Einzelne Hoffnungsschimmer
Also unternimmt Sonne, was noch möglich ist. Zum einen setzt die Organisation nun Lehrer als Gesundheitsbeauftragte ein, die im Dorf Aufklärungsarbeit leisten und Masken verteilen. Zum anderen zahlt die NGO die Gehälter der auch beschäftigungslosen Mitarbeiter weiter. "Sie haben Familien und müssen diese auch während der Krise ernähren."
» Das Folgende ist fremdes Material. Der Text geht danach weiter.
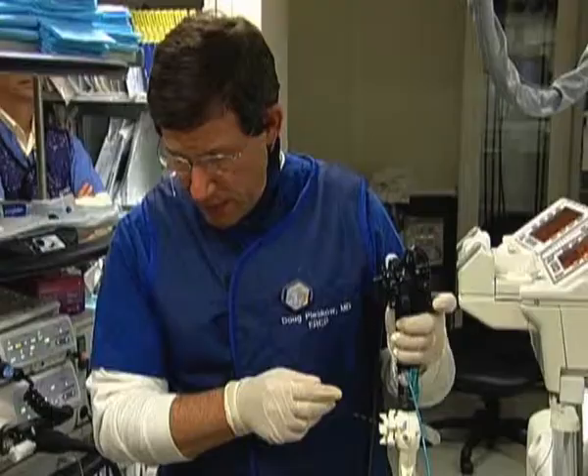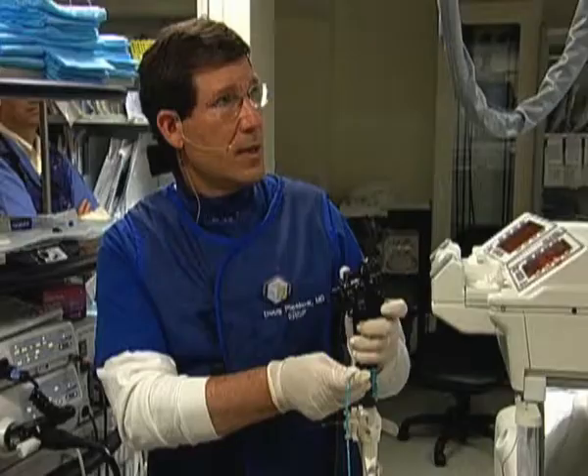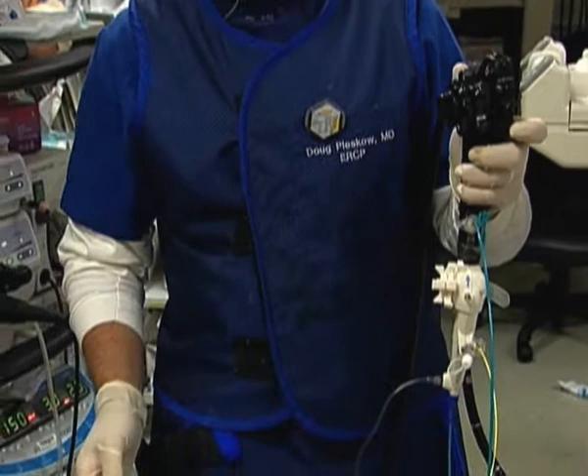Now we've come up against a stone right here and it looks fairly large. Jermaine will irrigate with our independent water irrigation to see if we can visualize this stone a little bit better. You can see that this is a fairly large stone, and there's a lot of debris within the bile duct as well. Because there's been a big sphincterotomy here, we can just continue to irrigate the duct. My plan now is to remove our guide wire from the spy scope and advance the EHL probe down through our spy scope to perform our EHL.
"Wir werden das machen, so lange wir das noch können", sagt Malle. Leicht wird das nicht. "Die privaten Spenden sind eingebrochen", berichtet der 54-Jährige. Hoffnung machen ihm aber einzelne, sehr großzügige Ausreißer, wie ein Spender, der plötzlich 500 Euro überwies, "weil er, wie er sagte, heuer eh nicht auf Urlaub fahren kann". Hoffnung macht Malle ebenfalls, dass die meisten großen Projektpartner, das sind Stiftungen, an Bord bleiben wollen. Diese haben nun auch der Umwidmung und Ausweitung zweier Projekte zugestimmt - der einzigen, die nun auch auf Wunsch der Regierung auf gar keinen Fall geschlossen werden dürfen.
Sonne betreibt zwei Gesundheitsstationen für aus Myanmar vertriebene Flüchtlinge der Rohingya-Minderheit und ist dabei für mehr als 50.000 Menschen zuständig. "Wir haben Schutzkleidung gekauft, verteilen Seifen, Masken und klären durch Flugblätter auf", berichtet Malle. Er kommuniziert jeden Tag mit dem örtlichen Leiter über WhatsApp. Und auch mit seinen anderen Mitarbeitern hält er Kontakt. Sie berichten ihm, dass nun viele Menschen ihr Einkommen verloren und Angst haben, ihre Familien nicht mehr ernähren zu können. Das beunruhigt Malle, der von Großstadtslums über entlegenste Dschungeldörfer bis zu unwirtlichsten Wüstenregionen schon viel Armut gesehen hat.
"Ich habe große Angst davor, wie sich die Situation in armen Ländern entwickeln wird", sagt er. "Es gibt keinen Sozialstaat. Wenn die Menschen ihren Job verlieren, sind sie auf ihr familiäres Auffangsystem angewiesen. Doch das droht die Corona-Krise auch zu zerstören."